**Material to process:**
▬▬▬

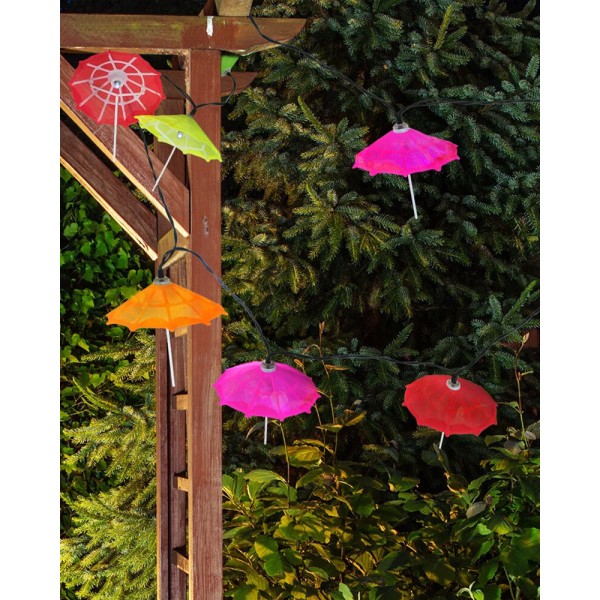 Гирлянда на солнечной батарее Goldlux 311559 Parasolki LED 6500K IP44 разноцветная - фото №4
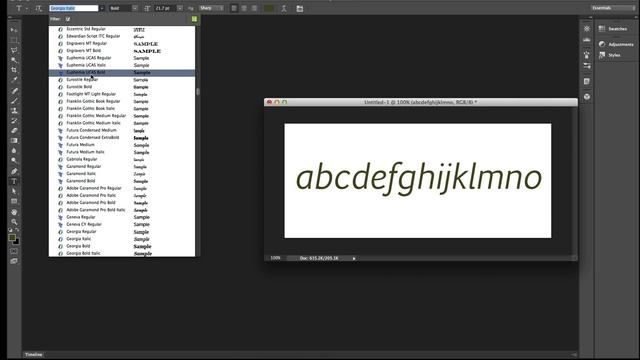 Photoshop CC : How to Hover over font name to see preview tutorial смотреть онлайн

▬▬▬

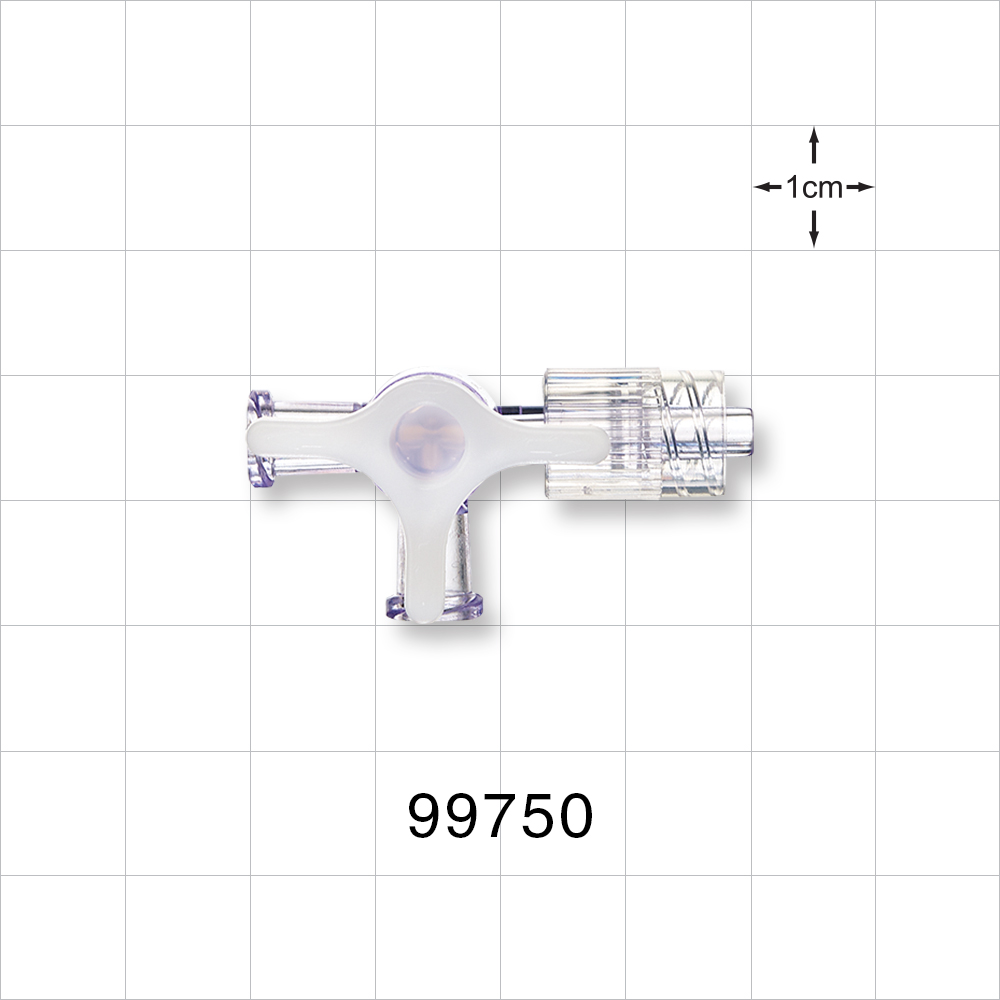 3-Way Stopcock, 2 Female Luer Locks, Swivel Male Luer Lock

▬▬▬

**What you are asked to do:**
Output exactly the lines of the listing above that start with the one holding "Гирлянда на солнечной" and go on through the one holding "Photoshop CC : How"; leave the pictures out.

**Exercise solution:**
 Гирлянда на солнечной батарее Goldlux 311559 Parasolki LED 6500K IP44 разноцветная - фото №4
 Photoshop CC : How to Hover over font name to see preview tutorial смотреть онлайн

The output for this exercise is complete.